# Show temps in °F?



## digitlman (Jun 29, 2010)

Ok, I've searched, but I don't see how to change the temp output from C to F.

I'm a Yank and I still cannot get into the whole Celcius thing.


----------



## IINexusII (Jun 29, 2010)

on what? a fan controller or some application? and which one?


----------



## Kreij (Jun 29, 2010)

GPU-Z, of course. Probably why he put it in this section.


----------



## W1zzard (Jun 29, 2010)

sorry, only temps in °C at this time. it's something i wanted to add to a future version for quite a while, but never found the time


----------



## IINexusII (Jun 29, 2010)

Kreij said:


> GPU-Z, of course. Probably why he put it in this section.

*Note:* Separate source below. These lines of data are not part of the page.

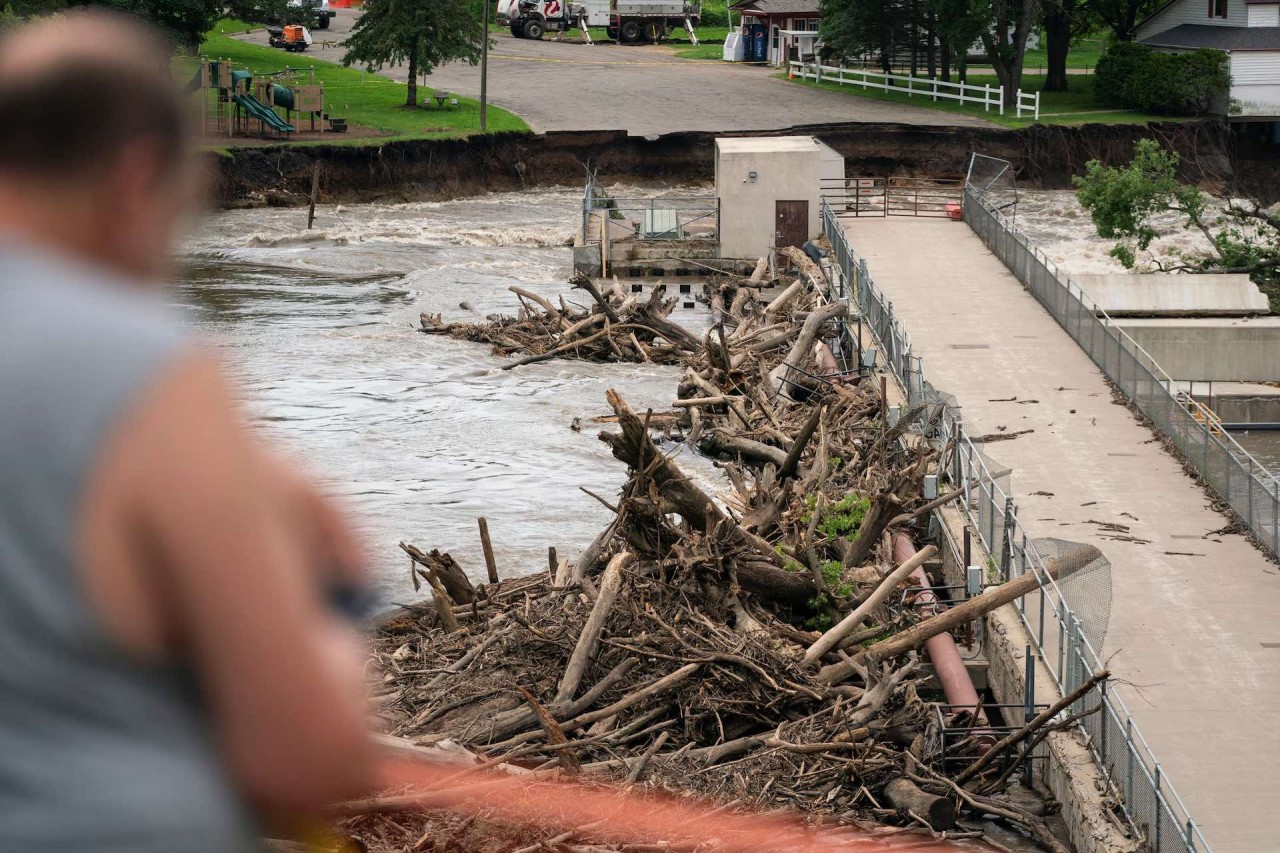 Hình ảnh đập nước hàng trăm tuổi ở Mỹ ‘oằn mình’ trước trận lũ lụt nghiêm trọng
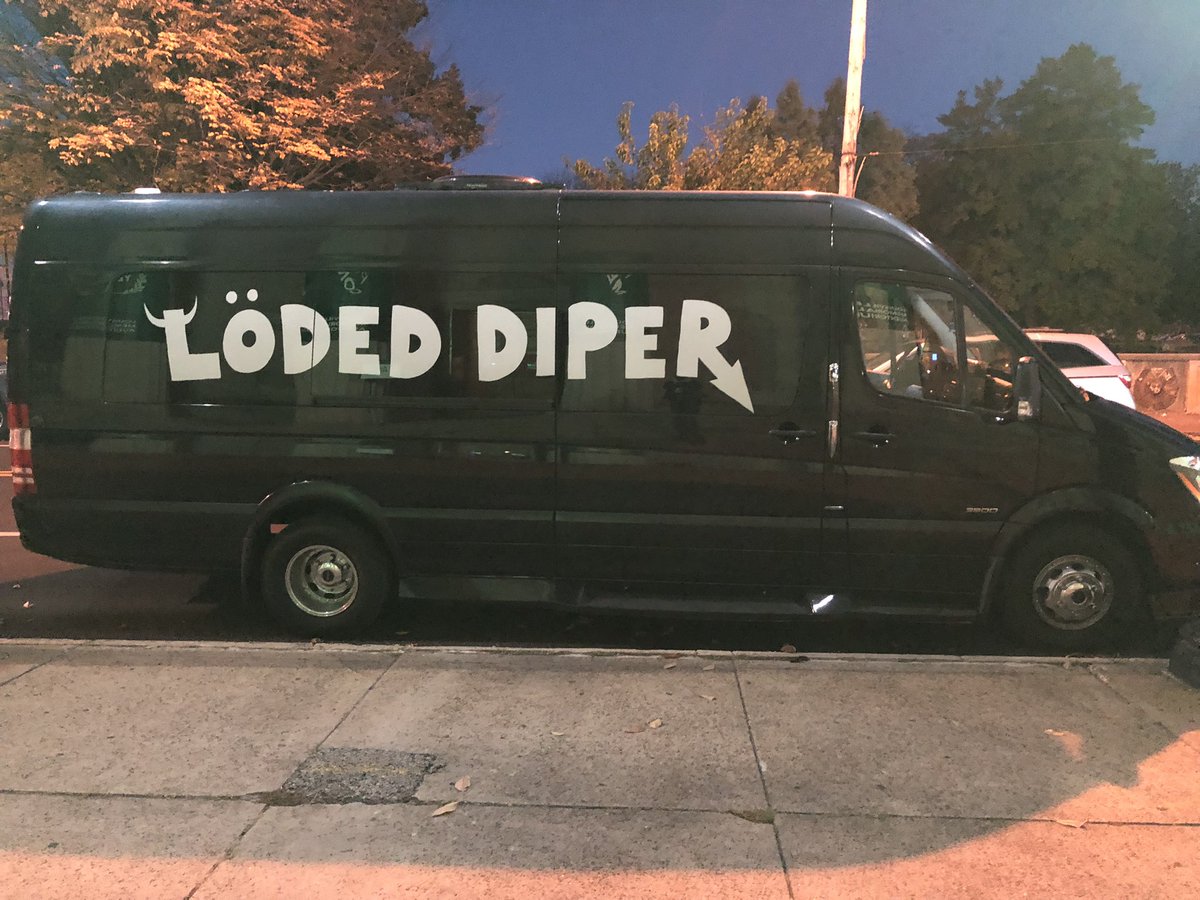 Librarian_Beck's tweet photo. Last night’s author event featuring @wimpykid author Jeff Kinney was a blast! @carmichaelsbook #JCPSLibraries #READ #WimpyKid #DiperOverlode #LodedDiper @JCPS_LMS #LibraryLife @JCPSKY #DiaryOfAWimpyKid https://t.co/c9gXLGX3I4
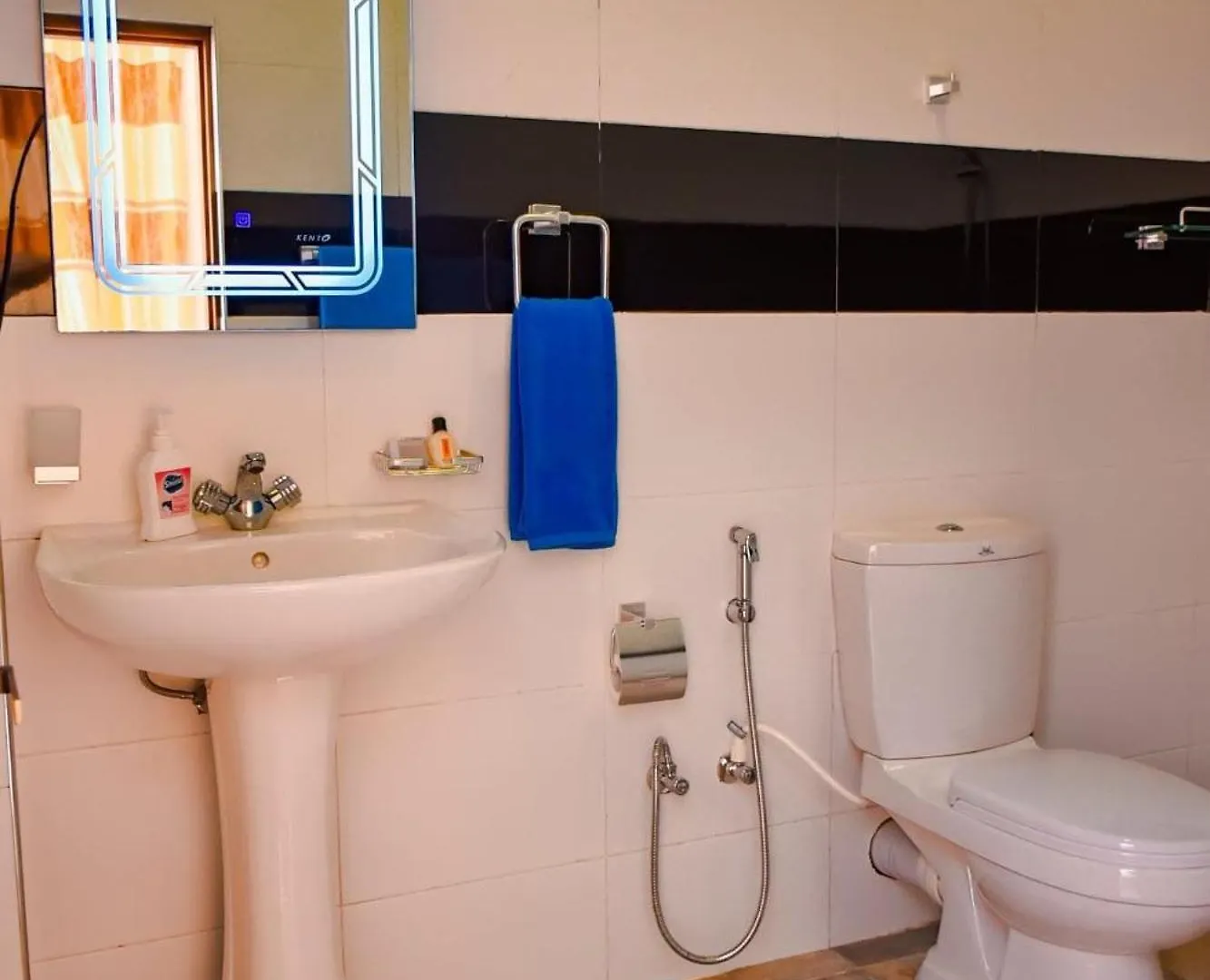 מלון נגומבו Woodnest Saayoo Resort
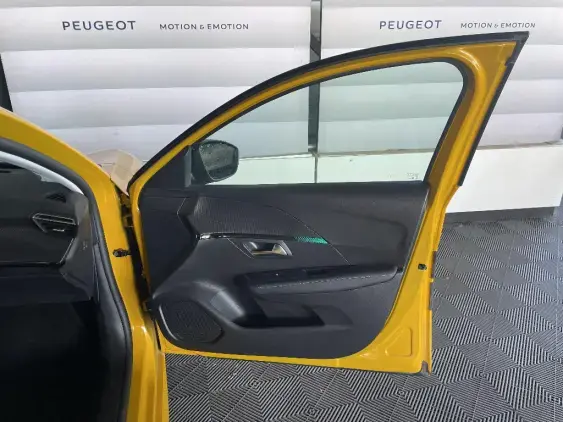 PEUGEOT 208 II - voiture d'occasion - Photo 19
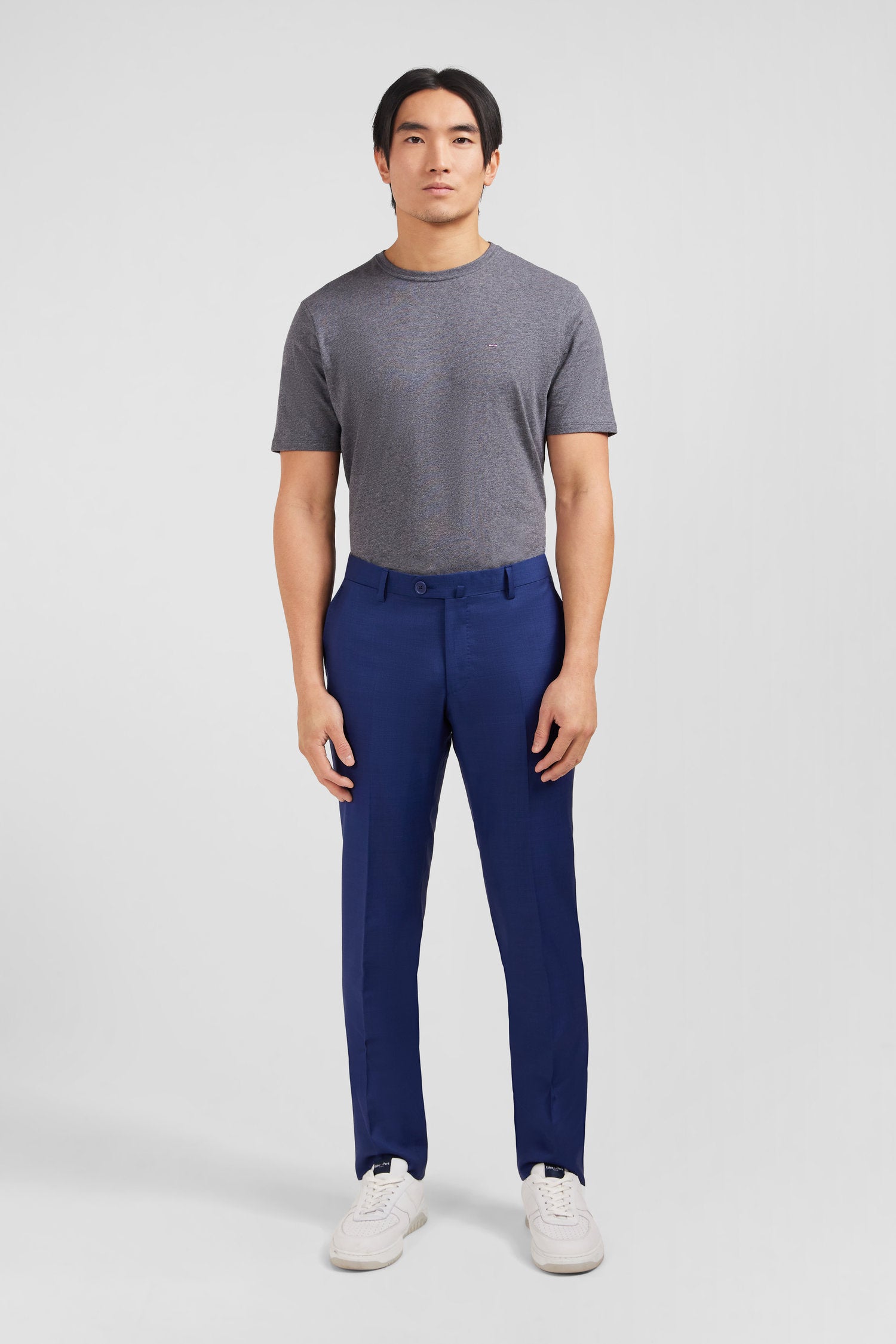 pantalón slim azul de lana con pinzas cassés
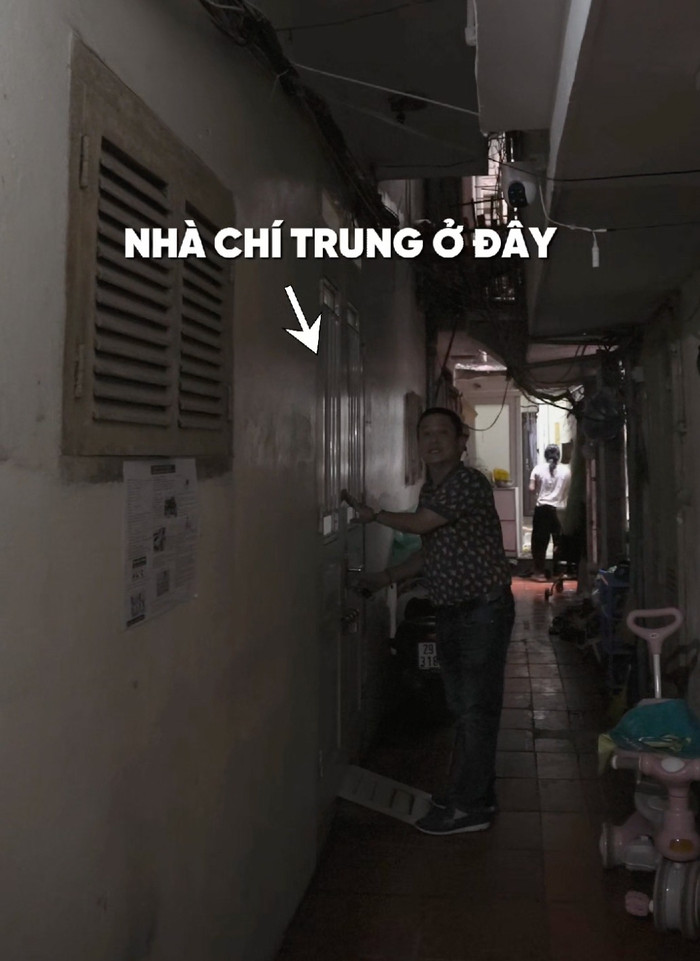 Chí Trung hiện đang sống trong một căn nhà nhỏ ở phố Tràng Tiền. 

oops  just saw it from the homepage


----------



## Fourstaff (Jun 29, 2010)

digitlman said:


> Ok, I've searched, but I don't see how to change the temp output from C to F.
> 
> I'm a Yank and I still cannot get into the whole Celcius thing.



Welcome to TPU! You should learn Celcius, its easy: 0 for freezing water, 100 for boiling water and 37 for body. Much simpler than your 32 for freezing, 212 for boiling. You have nothing to lose by learning the Celcius scale.


----------



## WhiteLotus (Jun 29, 2010)

Fourstaff said:


> Welcome to TPU! You should learn Celcius, its easy: 0 for freezing water, 100 for boiling water and 37 for body. Much simpler than your 32 for freezing, 212 for boiling. You have nothing to lose by learning the Celcius scale.



lol, he's an American, they don't like the Celcius scale.

A simple convert equation could be implemented. But that's for Wizzard to do.


----------



## Mandown (Jun 29, 2010)

Stick with celcius, so much better than the inferior fairenhight. <--- I did that on purpose I can never spell the damn word right.


----------



## DonInKansas (Jun 30, 2010)

WhiteLotus said:


> lol, he's an American, they don't like the Celcius scale.



Hooray for generalities, you nasty toothed Brit! 

Nah, just learn Celcius dude.  It's the standard for any temp talk in the tech world.


----------



## erocker (Jun 30, 2010)

Oh Don...  L'échelle Delisle est supérieure vous porcine américaine!


----------



## 95Viper (Jun 30, 2010)

That would be nice but, Celcius will do.  
This American (and proud of the fact) likes either scale.

But, it was some intellectual person across the great waters that made the Fahrenheit scale.

Fahrenheit is the temperature scale proposed in 1724 by, and named after, the German physicist Daniel Gabriel Fahrenheit.  Maybe that is why we use it.   It is more believable using a scale created by a physicist, than a scale created by an astronomer, and reversed by a botanist.


----------



## DonInKansas (Jun 30, 2010)

erocker said:


> Oh Don...  L'échelle Delisle est supérieure vous porcine américaine!





http://translate.google.com/#auto|en|L'échelle Delisle est supérieure vous porcine américaine!


----------



## ddfault (Nov 13, 2010)

*Found how to change to F*

You CAN show the sensors in Fahrenheit!

Once the program is started you need to right click on the menu bar
For me it was already checked (but showing temps in C) so I had to uncheck and then check again for them to show up right.


----------



## 95Viper (Nov 13, 2010)

Yep, W1zzard added the Fahrenheit option in July 2010 to version 0.4.4.

Happened a couple of days right after the last post in the thread, before yours.


Thanks, Welcome to TPU.
Enjoy your stay.


----------